Netflix'in 'The Anthrax Attacks: In the Shadow of 9/11 of 9/11', başlığına her açıdan hakkını veren bir belgesel olarak, 2001 sonbaharında ülkeyi aşırı korkunun nasıl sardığını araştırıyor. Eylül ayındaki korkunç ulusal saldırıda, hem sivillere hem de politikacılara daha fazla zarar vermek için şarbon sporları içeren birkaç mektup yurt içinde postalandı. İkincisinin en kötü yanı, bu nedenle inkar edilemez bir şekilde 'içeriden' birinin işi olduğuna inanılmasıdır - bu yüzden şimdi şüpheli faili Dr. Bruce Edwards Ivins hakkında daha fazla şey öğrenelim, olur mu?
22 Nisan 1946'da Mary Johnson (kızlık soyadı Knight) Ivins ve Thomas Randall Ivins'in üç erkek çocuğunun en küçüğü olarak dünyaya gelen Bruce, ne yazık ki en istikrarlı veya rahat bir çocukluk geçirmedi. Eczacı babasının cömert olmasının yanı sıra oldukça nazik olduğu bildirildi, ancak ev hanımı annesi küfürlü kelimenin tam anlamıyla, doğumundan beri hedef aldığı bir şeydi. Aileye göre, Mary plansız olduğu için tekrar tekrar süreci bozmaya çalıştı ve evde kendini atarak/merdivenlerden poposundan sıçrayarak hamileliğini kaybetmeye çalıştı.

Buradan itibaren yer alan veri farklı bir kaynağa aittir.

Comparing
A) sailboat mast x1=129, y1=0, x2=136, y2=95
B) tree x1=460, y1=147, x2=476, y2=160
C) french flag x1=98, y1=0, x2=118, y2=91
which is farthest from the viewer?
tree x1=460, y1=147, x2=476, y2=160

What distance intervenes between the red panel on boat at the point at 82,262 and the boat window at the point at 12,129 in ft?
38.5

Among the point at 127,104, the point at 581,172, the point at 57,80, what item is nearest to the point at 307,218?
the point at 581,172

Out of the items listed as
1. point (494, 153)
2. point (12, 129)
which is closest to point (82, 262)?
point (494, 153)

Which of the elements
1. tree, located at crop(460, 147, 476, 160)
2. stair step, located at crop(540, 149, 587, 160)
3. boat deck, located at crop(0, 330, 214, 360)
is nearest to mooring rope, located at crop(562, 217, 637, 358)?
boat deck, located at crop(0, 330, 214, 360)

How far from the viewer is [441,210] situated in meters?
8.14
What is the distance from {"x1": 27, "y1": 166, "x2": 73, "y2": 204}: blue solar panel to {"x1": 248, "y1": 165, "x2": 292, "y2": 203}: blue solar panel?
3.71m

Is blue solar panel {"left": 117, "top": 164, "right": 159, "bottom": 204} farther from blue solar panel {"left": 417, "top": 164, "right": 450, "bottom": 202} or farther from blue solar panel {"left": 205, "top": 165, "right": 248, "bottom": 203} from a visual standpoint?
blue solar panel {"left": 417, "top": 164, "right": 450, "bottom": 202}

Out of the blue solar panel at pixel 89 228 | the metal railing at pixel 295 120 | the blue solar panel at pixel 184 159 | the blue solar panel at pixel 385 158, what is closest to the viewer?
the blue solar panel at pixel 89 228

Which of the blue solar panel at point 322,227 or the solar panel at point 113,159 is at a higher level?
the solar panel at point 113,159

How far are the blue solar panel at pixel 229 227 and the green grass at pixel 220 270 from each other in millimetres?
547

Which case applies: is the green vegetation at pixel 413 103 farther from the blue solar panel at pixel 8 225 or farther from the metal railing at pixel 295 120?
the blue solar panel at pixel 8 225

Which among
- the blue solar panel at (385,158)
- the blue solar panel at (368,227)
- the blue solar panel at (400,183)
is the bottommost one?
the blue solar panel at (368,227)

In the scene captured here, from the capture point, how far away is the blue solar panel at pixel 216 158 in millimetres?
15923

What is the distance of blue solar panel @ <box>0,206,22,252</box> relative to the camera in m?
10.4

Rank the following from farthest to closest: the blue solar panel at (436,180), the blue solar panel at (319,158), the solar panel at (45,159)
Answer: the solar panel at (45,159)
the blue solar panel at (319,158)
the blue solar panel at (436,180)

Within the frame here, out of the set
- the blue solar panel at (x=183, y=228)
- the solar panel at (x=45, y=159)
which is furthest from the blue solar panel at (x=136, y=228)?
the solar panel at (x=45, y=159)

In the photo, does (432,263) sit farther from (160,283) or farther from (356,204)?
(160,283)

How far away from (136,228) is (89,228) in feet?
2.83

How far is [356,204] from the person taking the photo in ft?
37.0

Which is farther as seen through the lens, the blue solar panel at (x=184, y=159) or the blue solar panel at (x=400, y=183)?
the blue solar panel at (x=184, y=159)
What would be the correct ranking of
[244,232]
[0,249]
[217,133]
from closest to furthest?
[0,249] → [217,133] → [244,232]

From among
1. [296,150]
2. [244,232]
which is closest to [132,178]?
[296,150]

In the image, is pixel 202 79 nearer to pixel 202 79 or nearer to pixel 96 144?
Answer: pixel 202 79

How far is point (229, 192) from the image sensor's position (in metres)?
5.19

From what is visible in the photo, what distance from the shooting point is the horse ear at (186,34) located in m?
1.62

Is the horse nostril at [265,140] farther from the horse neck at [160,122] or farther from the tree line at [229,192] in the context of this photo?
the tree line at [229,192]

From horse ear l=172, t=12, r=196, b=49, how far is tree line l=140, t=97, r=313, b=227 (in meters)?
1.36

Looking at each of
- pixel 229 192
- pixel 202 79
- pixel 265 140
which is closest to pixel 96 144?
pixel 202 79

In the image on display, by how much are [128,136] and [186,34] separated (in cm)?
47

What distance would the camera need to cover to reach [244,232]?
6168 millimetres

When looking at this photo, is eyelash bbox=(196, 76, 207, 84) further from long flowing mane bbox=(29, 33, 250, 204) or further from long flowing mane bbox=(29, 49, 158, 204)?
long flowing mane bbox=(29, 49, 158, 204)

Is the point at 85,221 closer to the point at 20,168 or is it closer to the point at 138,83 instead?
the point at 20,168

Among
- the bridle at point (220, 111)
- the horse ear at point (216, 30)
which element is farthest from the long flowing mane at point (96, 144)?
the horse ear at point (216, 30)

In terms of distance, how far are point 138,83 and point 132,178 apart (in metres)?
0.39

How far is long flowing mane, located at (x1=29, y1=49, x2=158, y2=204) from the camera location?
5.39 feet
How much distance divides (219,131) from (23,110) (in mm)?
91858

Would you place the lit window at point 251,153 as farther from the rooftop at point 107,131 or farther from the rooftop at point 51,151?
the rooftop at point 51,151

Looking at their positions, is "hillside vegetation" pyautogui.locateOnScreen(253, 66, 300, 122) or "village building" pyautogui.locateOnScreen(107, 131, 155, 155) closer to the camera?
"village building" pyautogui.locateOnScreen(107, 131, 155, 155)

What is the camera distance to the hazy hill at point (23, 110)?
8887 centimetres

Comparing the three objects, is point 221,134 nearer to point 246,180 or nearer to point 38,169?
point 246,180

Tüm bunlara rağmen, Bruce hem akademik hem de ders dışı etkinliklerde son derece keskin bir şekilde büyüdü, sadece Bilimlere olan ilgisi onu mikrobiyoloji dünyasına itti. Lübnan, Ohio yerlisi aslında Cincinnati Üniversitesi'nden 1968'de Lisans, 1971'de Yüksek Lisans ve Doktora derecesi ile mezun oldu. 1976'da tam zamanlı kariyerine başlamadan önce aynı alanda. Daha sonra, eşiyle birlikte Maryland banliyösüne (1978) yerleşti ve burada, 1980 sonlarında ABD Ordusu Tıbbi Araştırma Enfeksiyon Hastalıkları Enstitüsü'nde bir göreve gelmesine yardımcı oldu.

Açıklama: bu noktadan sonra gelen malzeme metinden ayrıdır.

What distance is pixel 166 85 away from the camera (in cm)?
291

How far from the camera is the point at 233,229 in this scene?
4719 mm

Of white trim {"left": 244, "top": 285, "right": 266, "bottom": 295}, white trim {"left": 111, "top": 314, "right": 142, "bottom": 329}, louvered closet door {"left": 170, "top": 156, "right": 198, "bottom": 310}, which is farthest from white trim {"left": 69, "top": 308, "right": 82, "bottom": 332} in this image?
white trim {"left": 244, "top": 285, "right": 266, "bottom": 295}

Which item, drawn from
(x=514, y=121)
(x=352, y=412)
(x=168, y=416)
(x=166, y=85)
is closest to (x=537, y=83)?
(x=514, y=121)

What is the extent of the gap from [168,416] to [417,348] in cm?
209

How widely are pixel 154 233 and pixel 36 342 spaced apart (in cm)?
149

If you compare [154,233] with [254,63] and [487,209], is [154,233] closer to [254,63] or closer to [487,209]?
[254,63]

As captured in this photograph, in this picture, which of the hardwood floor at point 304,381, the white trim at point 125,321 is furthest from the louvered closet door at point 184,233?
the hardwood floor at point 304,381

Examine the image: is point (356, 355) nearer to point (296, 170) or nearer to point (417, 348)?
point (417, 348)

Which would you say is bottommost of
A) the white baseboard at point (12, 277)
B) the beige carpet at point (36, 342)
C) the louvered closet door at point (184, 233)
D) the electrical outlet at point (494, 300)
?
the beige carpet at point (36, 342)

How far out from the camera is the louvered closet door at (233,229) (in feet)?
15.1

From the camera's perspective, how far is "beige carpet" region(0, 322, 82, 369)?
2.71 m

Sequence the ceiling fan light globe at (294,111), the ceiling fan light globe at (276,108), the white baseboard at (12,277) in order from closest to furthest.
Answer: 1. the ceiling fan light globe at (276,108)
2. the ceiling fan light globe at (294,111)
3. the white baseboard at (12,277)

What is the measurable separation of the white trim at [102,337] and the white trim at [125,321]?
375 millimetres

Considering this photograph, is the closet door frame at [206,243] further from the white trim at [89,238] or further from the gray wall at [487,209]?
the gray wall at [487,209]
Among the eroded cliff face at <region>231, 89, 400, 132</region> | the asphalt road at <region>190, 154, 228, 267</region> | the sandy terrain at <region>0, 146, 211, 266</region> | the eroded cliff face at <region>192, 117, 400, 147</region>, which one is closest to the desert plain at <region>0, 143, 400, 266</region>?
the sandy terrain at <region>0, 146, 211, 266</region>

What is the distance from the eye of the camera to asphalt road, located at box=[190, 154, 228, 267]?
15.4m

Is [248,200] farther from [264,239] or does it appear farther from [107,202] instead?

Bruce bu nedenle basit bir mikrobiyologdan ünlü bir biyosavunma araştırmacısı ve bir aşı uzmanına dönüştü ve son projelerinden biri daha kaliteli şarbon aşılarının geliştirilmesiydi. Bu nedenle, 2001 saldırıları ilk olarak ortaya çıktığında, kendisinden, bilgisinden dolayı yavaş yavaş bir şüpheli olarak kabul edilmesi için, kurbanlara gönderilen sporları analiz etmesi için FBI'ya yardım etmesi istendi. Belgesele göre bu yeterli değilmiş gibi, yalnızca teröre neden olan sporlarla bir eşleşmeyi test etmek için sunduğu kişisel bir şarbon örneği değil, aynı zamanda akıl sağlığı sorunları geçmişi de vardı.

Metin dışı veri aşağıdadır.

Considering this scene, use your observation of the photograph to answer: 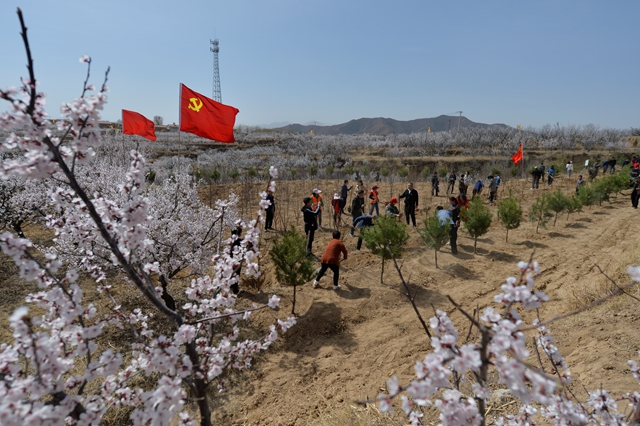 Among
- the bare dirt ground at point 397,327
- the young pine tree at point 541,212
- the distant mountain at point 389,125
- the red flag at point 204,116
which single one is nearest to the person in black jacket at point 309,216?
the bare dirt ground at point 397,327

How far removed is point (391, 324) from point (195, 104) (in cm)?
583

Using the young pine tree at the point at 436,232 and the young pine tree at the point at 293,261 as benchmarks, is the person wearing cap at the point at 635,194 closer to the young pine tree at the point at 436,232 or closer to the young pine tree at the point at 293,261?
the young pine tree at the point at 436,232

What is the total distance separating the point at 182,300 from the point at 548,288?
7.81 meters

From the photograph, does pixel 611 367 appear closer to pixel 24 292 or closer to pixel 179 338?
pixel 179 338

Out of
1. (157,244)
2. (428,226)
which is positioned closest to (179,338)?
(157,244)

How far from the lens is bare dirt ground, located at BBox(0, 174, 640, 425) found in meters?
4.56

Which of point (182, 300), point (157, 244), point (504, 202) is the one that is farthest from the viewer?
point (504, 202)

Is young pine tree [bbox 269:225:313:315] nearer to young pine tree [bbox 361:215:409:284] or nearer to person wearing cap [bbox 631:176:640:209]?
young pine tree [bbox 361:215:409:284]

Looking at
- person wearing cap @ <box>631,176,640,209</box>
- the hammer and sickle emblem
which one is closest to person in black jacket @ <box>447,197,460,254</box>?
the hammer and sickle emblem

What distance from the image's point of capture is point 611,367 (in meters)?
4.28

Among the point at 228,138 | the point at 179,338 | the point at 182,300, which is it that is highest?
the point at 228,138

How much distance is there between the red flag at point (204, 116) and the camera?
7109mm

Dr. Bruce'un korkunç Eylül-Ekim 2001 Amerithrax ile olası bağlantısına ilişkin soruşturmaların 2002'de başladığı bildirilse de, aslında 2006 civarında birincil odak noktası haline geldi. Bu noktada, daha önce yardım istediği ortaya çıktı. depresyon , kaygı ve bunun için sayısız reçeteli ağır antidepresan ve antipsikotik ilaç kullandığı paranoya. Bir üyenin kolej günlerinde onu reddetmesinden bu yana, görünüşte çok önemli olan Kappa Kappa Gamma kolej kız öğrenci yurdu da dahil olmak üzere, takıntılarından payına düşeni bile almıştı.
Bunun nedeni FBI'ın zehirli şarbon dolu mektupların Princeton, New Jersey'deki bir posta kutusuna konulduğuna inanması. Üstelik, Netflix orijinaline göre, başka bir ima eden yön, harflerdeki 'FNY' veya 'F**k New York' için şifreli bir kodu belirten kalın harflerle A ve T'lerdi. alan. Saldırıların ardından hızlı bir FDA onayı aldığı iddia edilen şarbon aşısı üzerinde çalışıyor olması da bunda rol oynayabilirdi.
Böylece FBI, Bruce'u Nisan 2007'nin ortalarına kadar periyodik gözetim altına almıştı ve bir yıldan uzun bir süre sonra, Bruce, kendisine karşı her an suç duyurusunda bulunulabileceğini öğrendi. Bu nedenle, görünüşe göre, beş cinayetle suçlanarak dünyaca ünlü itibarını kaybetme korkusuyla, 29 Temmuz 2008'de aşırı dozda asetaminofen (diğer adıyla Tylenol) intihar ederek öldü. 27 Temmuz sabahı ve hemen Frederick Memorial Hastanesine kaldırıldı, iki gün sonra karaciğer ve böbrek yetmezliğinden öldü.
FBI 19 Şubat 2010'da doktorun sorumlu olduğu sonucuna vararak davayı resmen kapatırken, onu şarbon saldırılarına doğrudan bağlayan hiçbir kanıt bulunmadığını belirtmeliyiz. Hakkındaki iddialar tamamen ikinci dereceden kalıyor.